## What you need to do:
Among the records that follow, find the line with "UNIQ Aspen pintas" and the line with "T-SUNUS Solar Christmas". Set down those lines and all lines between them exactly, without adding anything.

Records supplied Block Start

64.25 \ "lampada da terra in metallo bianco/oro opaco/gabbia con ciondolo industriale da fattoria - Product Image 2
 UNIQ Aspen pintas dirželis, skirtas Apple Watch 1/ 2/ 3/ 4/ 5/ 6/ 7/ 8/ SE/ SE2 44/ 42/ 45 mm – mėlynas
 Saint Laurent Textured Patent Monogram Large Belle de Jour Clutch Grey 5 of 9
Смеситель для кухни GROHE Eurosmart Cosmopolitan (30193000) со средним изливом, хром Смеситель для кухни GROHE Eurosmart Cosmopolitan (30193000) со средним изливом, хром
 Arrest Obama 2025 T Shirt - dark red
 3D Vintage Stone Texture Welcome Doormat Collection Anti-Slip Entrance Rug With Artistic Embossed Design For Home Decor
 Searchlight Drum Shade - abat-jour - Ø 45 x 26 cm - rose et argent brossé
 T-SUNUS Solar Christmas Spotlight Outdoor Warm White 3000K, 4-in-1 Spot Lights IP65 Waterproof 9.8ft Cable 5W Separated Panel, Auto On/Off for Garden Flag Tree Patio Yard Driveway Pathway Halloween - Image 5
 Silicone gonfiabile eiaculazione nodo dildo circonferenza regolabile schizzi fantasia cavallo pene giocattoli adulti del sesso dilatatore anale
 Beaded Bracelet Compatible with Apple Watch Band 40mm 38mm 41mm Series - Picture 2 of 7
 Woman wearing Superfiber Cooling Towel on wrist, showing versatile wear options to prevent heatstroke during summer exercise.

Records supplied Block End

## Response below:
 UNIQ Aspen pintas dirželis, skirtas Apple Watch 1/ 2/ 3/ 4/ 5/ 6/ 7/ 8/ SE/ SE2 44/ 42/ 45 mm – mėlynas
 Saint Laurent Textured Patent Monogram Large Belle de Jour Clutch Grey 5 of 9
Смеситель для кухни GROHE Eurosmart Cosmopolitan (30193000) со средним изливом, хром Смеситель для кухни GROHE Eurosmart Cosmopolitan (30193000) со средним изливом, хром
 Arrest Obama 2025 T Shirt - dark red
 3D Vintage Stone Texture Welcome Doormat Collection Anti-Slip Entrance Rug With Artistic Embossed Design For Home Decor
 Searchlight Drum Shade - abat-jour - Ø 45 x 26 cm - rose et argent brossé
 T-SUNUS Solar Christmas Spotlight Outdoor Warm White 3000K, 4-in-1 Spot Lights IP65 Waterproof 9.8ft Cable 5W Separated Panel, Auto On/Off for Garden Flag Tree Patio Yard Driveway Pathway Halloween - Image 5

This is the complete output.